Everything I’ve read about World Vision has me paralyzed with feelings. Feelings of confusion, feelings of outrage, feelings of apathy; if it’s a negative feeling, in the past 12 hours I’ve felt it. And by the time I’ve sat down to write, the controversial decision has been reversed, but my feelings are still there. I want to blame someone for all of the chaos and hurt.

I keep coming back to one of the most significant conversations I’ve ever had. I sat across from a dear friend in the IMU Starbucks as she spoke truth into my life that I’ve never been able to let go of. We were talking about my life and my walk with Christ and the high standards I set for people. She looked me in the eyes and said, full of grace and truth, “Caitlin, you just don’t think you’re THAT bad.”

It’s one of the hardest things I’ve ever had to hear, but has been the most formative and challenging. Because I am THAT bad. Pre-Jesus, I was an enemy of God. Even if I had been the only person on the planet, Christ still would have had to come and die a brutal death on the cross from my sins. The Apostle Paul says it like this, “Here is a trustworthy saying that deserves full acceptance: Christ Jesus came into the world to save sinners – of whom I am the worst” (1 Timothy 1:15). I am the worst. I couldn’t not sin tomorrow even if I tried.

But God, being rich in mercy and abounding in love, refused to let sin be the end of my story. In Jesus, He gave me an escape route. I did nothing to earn it. Nothing. I am a broken sinner in desperate need of a savior, and God provided Jesus. Grace does not make sense.

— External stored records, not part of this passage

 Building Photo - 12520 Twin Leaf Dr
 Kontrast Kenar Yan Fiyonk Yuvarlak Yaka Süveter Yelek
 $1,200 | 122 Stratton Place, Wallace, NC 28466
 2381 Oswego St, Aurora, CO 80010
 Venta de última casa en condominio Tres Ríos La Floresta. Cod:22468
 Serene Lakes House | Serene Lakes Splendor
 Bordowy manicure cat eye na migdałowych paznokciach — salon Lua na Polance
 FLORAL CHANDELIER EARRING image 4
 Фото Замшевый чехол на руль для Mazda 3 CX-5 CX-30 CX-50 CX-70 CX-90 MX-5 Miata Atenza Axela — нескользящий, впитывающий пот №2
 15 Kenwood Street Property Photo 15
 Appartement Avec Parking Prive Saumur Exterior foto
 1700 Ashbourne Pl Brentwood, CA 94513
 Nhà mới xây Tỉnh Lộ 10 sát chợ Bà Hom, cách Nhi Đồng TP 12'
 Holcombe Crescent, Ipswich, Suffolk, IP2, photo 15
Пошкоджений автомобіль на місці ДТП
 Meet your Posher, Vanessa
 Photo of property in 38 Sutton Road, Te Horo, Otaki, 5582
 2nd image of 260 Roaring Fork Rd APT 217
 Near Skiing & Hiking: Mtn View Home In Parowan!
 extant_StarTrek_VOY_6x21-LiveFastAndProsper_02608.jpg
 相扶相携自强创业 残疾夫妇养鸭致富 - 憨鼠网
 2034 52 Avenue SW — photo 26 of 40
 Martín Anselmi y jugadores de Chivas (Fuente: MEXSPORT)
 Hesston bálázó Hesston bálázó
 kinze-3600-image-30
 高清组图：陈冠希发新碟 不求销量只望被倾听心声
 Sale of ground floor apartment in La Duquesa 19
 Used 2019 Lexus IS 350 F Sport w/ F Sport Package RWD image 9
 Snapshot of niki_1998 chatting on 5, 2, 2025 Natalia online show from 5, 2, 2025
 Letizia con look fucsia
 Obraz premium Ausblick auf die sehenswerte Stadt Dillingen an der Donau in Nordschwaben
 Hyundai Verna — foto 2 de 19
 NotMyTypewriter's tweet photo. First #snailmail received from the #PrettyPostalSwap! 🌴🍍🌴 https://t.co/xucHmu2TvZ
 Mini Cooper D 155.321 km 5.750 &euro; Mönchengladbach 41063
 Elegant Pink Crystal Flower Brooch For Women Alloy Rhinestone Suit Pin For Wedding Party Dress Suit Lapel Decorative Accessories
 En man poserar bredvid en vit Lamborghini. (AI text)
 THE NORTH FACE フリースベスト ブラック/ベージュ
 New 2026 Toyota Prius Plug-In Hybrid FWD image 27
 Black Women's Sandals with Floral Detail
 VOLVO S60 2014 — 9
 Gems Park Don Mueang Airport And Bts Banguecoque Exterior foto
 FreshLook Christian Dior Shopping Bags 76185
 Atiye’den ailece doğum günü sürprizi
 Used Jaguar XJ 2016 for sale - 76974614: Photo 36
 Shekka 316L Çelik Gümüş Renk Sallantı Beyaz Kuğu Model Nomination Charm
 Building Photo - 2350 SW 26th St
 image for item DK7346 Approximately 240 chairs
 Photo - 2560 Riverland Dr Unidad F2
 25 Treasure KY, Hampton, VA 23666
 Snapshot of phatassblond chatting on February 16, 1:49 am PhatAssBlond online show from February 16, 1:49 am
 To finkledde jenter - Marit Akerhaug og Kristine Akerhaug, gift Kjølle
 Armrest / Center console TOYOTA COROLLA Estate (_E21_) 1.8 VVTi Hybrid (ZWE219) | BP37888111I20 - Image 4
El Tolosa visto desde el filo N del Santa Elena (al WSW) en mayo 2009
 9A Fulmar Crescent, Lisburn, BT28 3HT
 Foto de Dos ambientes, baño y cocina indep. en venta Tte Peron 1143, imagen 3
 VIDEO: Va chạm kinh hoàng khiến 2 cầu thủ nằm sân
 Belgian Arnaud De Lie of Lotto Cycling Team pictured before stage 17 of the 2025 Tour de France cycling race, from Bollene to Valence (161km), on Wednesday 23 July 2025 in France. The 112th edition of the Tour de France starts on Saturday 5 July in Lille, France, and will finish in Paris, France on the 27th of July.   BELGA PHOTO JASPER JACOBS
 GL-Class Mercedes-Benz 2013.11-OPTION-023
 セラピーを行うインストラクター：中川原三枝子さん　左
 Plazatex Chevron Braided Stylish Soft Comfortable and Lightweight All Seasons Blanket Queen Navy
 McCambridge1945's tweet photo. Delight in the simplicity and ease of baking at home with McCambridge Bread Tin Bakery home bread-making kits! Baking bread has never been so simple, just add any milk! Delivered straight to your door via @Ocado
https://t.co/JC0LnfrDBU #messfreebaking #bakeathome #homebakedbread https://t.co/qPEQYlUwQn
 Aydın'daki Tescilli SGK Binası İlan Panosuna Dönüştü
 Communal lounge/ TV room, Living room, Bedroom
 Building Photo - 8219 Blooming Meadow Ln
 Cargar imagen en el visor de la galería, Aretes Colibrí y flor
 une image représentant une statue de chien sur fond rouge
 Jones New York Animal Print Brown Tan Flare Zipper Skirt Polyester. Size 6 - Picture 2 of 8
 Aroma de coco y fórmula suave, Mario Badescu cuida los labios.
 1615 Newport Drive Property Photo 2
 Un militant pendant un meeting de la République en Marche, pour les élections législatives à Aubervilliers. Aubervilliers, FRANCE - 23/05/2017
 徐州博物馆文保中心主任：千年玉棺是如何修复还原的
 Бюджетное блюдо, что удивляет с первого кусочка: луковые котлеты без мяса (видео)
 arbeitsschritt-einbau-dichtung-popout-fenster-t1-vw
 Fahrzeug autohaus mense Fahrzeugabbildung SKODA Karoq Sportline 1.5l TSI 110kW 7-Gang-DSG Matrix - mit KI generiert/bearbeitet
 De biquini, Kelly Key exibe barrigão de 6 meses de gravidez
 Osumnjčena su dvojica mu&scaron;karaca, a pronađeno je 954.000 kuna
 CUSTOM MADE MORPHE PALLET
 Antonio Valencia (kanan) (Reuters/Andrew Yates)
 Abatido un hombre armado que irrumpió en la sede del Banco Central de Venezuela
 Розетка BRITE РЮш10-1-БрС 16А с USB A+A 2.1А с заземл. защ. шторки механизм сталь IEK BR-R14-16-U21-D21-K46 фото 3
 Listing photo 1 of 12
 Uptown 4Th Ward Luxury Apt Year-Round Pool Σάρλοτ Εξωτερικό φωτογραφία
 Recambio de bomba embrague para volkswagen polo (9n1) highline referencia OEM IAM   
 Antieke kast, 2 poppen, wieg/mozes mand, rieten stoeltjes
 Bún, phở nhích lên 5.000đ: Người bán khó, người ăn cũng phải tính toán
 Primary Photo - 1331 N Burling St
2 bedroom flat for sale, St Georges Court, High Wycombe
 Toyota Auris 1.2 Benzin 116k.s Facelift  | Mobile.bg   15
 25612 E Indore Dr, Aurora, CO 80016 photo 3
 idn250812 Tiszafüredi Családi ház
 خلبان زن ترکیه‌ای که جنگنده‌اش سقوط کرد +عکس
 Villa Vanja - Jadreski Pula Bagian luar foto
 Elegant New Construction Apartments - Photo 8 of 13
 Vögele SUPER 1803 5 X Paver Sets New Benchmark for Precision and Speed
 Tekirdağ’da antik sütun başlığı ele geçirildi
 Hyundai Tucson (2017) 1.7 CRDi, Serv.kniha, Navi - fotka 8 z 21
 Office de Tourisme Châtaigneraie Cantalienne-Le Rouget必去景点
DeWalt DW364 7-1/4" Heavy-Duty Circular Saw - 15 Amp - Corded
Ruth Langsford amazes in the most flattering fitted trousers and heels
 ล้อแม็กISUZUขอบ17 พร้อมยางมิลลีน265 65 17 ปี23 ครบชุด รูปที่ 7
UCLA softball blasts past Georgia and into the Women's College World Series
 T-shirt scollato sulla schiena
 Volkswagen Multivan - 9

I don’t pretend to be an expert on anything. I can’t make theological arguments or even quote the correct scripture most of the time, but what I do know is that on either side of the argument, the way we talk matters. Where we talk from matters. I want to talk from a place of humility, remembering what God has saved me from and saves me from each and every day. A god who humbled Himself and made Himself nothing. He washed the dirty feet of the disciples and died a criminal’s death.

So in the midst of the chaos and confusion of my own heart and mind, I’ll cling to what I know and let God guide the rest. I have a feeling that God is going to care a whole lot more about my heart than where I stand on issues. I am loved by a gracious, all knowing, all-powerful God. He is using all things for His good.